In contrast, sexual dysfunction is a multifactorial issue, which is also influenced by bio-psychological factors such as poor self-image, depression, fatigue, loss of independence, and changes in personal relationships. Surgical aspects in this context include neural damage, cosmetic appearance and stoma fashioning [30, 31]. Currently, male sexual function is comprehensively analyzed and mechanistically understood based on several studies [30, 33], whereas female dysfunction is only based on theoretical considerations and underrepresented in literature. On the one hand, sympathetic nerve injury leads to ejaculatory problems in men [31], such as absent, retrograde, or painful ejaculation, and can induce vaginal dryness, diminished inner genital sensation, and orgasm disorders in female patients [30]. On the other, erectile dysfunction [31] due to impairment of vasodilatory function of the erectile tissue and reduced labial swelling [30] are caused by parasympathetic neural damage.

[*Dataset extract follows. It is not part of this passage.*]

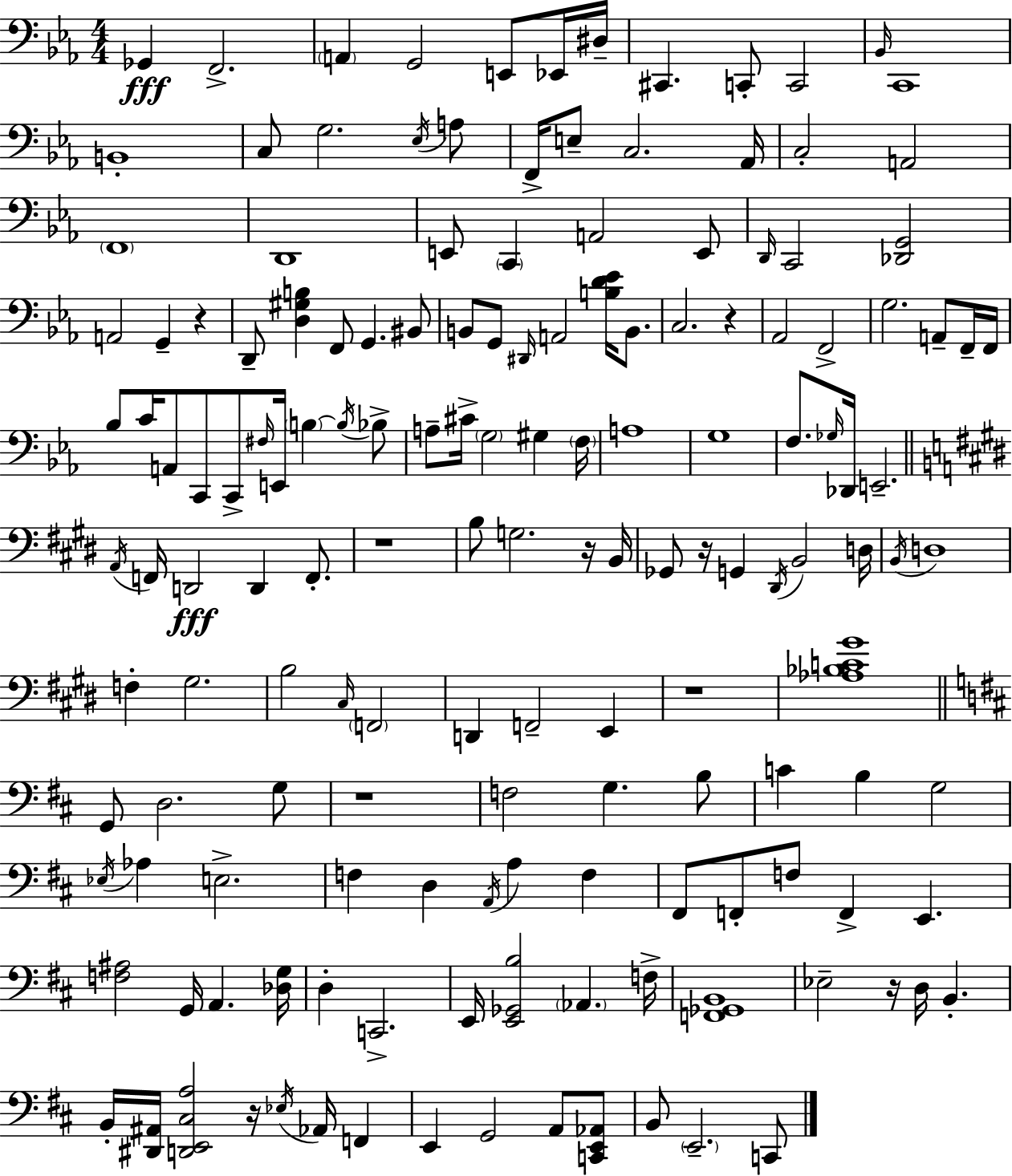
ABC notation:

In our series, erectile function (p = 0.002), satisfaction with sexual intercourse (p = 0.034), and IIEF final score (p = 0.003) deteriorated significantly after TaTME in male patients, while RoTME led to stable pre- and postoperative IIEF scores. For female patients, sexual desire decreased significantly after TaTME (p < 0.001), but no significant changes were detectable postoperatively in the RoTME group. After adjustment for confounders, male sexual function was comparable between techniques. For female patients, only pain during sexual intercourse was significantly increased for RoTME patients.

Limitations

RoTME and TaTME were performed in different hospitals by different surgeons. To establish an adequate level of quality, only patients treated after the surgeons had completed the learning curve of at least 40 cases in the respective technique were included. Therefore, only one approach was eligible per hospital and surgeon. Nevertheless, this fact might bias the observations. Moreover, age, proportion of neoadjuvant therapy and surgical procedures differed significantly between groups. To balance these effects, score differences were analyzed after adjustment for these confounders. Since patient age is an unspecific risk factor [42], preexisting functional status was recognized by baseline score values. However, this is a limitation of our study.

Conclusion

Our study represents the first direct functional comparison of RoTME and TaTME and incorporates the largest series of TaTME cases on functional outcome. Overall, RoTME and TaTME resulted in only mild functional impairment after rectal resection. RoTME led to better anorectal results, potentially due to sphincter dilatation or damage of the internal sphincter during TaTME. Meanwhile, there was a noticeably lower rate of severe LARS after both TaTME and RoTME than previously published, despite frequent risk factors such as chemoradiation and low anastomosis. Urinary function benefitted from TaTME in male patients and showed advantages for female patients. Optimized visualization of the hypogastric nerves might support favorable urinary function after TaTME. With surgery having the least impact on sexual function, the results appear comparable for RoTME and TaTME. Our study provides the first evidence of advantages of advanced minimally invasive TME techniques on long-term functional outcomes for rectal cancer patients. Further high-quality analyses are needed to corroborate this observation.